Omarosa Fiasco Spotlights Unusual Trump Tactic To Silence White House Aides

President Donald Trump appeared to make a startling admission during Monday’s tweetstorm against former White House aide Omarosa Manigault Newman: that his administration has made staffers sign nondisclosure agreements, or NDAs.

Trump’s tweet appeared to validate a rumor his administration for months had refused to confirm about demanding that staff sign such agreements, noted The New York Times.

Several current and former Trump aides, including Manigault Newman, told The Washington Post this week that they were asked to sign NDAs when they took jobs at the White House and the Trump campaign.

The Trump campaign is a private entity and could legitimately ask employees to sign such agreements. But legal and ethics experts questioned the validity — and constitutionality — of NDAs signed by White House staff.

“Donald Trump cannot muzzle federal employees,” Brian Hauss, staff attorney with the American Civil Liberties Union, told USA Today on Monday.

Past administrations have been known to require White House officials to sign confidentiality documents regarding classified information, but it is very unusual for aides to be asked to sign agreements that cover anything beyond that.

Mark Zaid, a national security lawyer, told the Post that “it would be unconstitutional to prevent a federal employee from discussing unclassified information post-employment.”

Officials in former President Barack Obama’s administration told the paper that NDAs were unheard of.

But current and former Trump aides say the practice has been commonplace under the billionaire real estate magnate who frequently required NDAs in his business.

A former aide told the Post that “everyone signed one” during the Trump campaign. Several White House officials said they were urged in early 2017 to sign NDAs ― some of which contained “breathtakingly broad prohibitions,” including restrictions on all public criticism of Trump, his company and members of his family. Some aides said White House Counsel Donald McGahn assured them at the time that the agreements were only to assuage Trump and were “unenforceable.”

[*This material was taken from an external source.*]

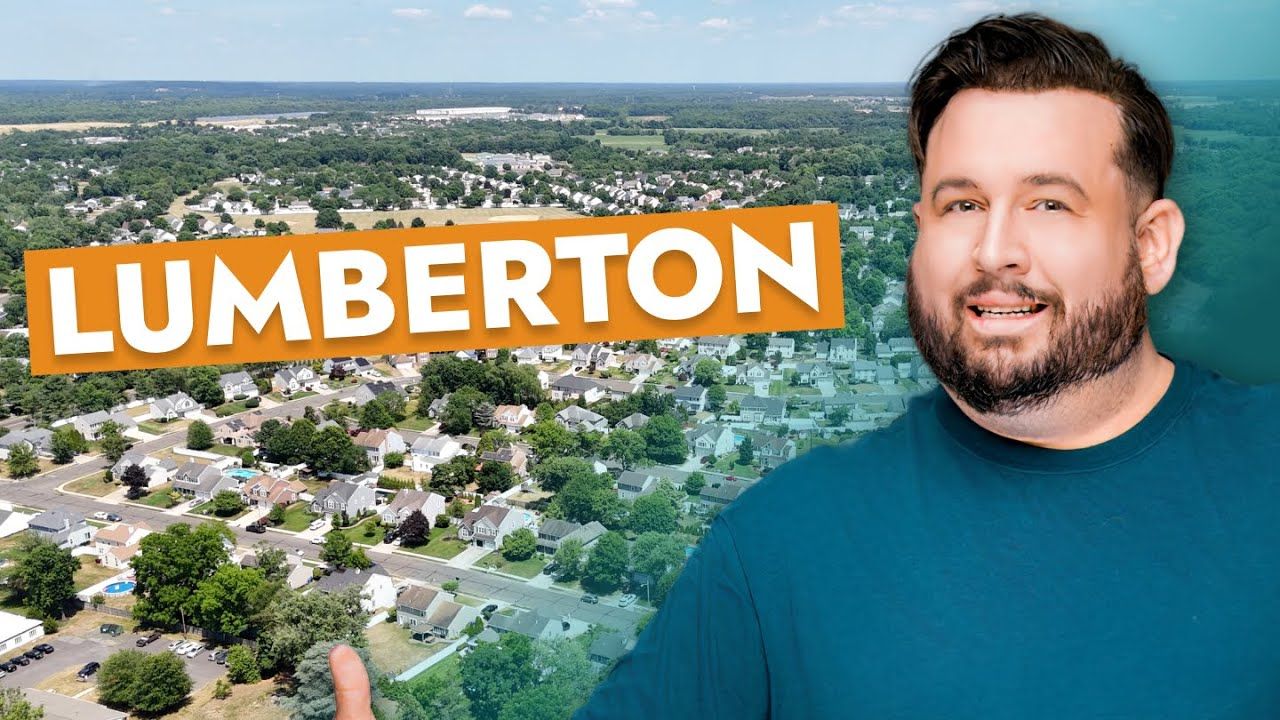 A man is standing in front of an aerial view of lumberton.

Manigault Newman told PBS NewsHour on Monday that she did sign NDAs when she starred alongside Trump in “The Apprentice” in 2003, and in 2016, when she worked for Trump’s presidential campaign. But she insisted she “never signed that draconian NDA that they presented to me when I walked into the White House.”

She told the Post that the NDA she declined to sign would have restricted her from sharing information:

“...including but not limited to the assets, investments, revenue, expenses, taxes, financial statements, actual or prospective business ventures, contracts, alliances, affiliations, relationships, affiliated entities, bids, letters of intent, term sheets, decisions, strategies, techniques, methods, projections, forecasts, customers, clients, contacts, customer lists, contact lists, schedules, appointments, meetings, conversations, notes and other communications” of “Trump, Pence, any Trump or Pence Family member, any Trump or Pence company, or any Trump or Pence Family Member Company.”

Manigault Newman ― who also claims to have rejected a $15,000-a-month hush contract with Trump’s campaign after her firing last year ― has been making the media rounds to promote her new tell-all book Unhinged.

She’s accused Trump of being a conman and a racist. Trump, in turn, has described his former aide as a “lowlife” and “loser” who is “vicious, but not smart.”

White House counselor Kellyanne Conway said on Sunday that Trump aides “absolutely” have to sign NDAs like the one Manigault Newman claims she rejected.

“It is typical, and you know it, to sign an NDA in any place of work,” Conway told ABC News.

“We’ve all signed them in the West Wing,” she added.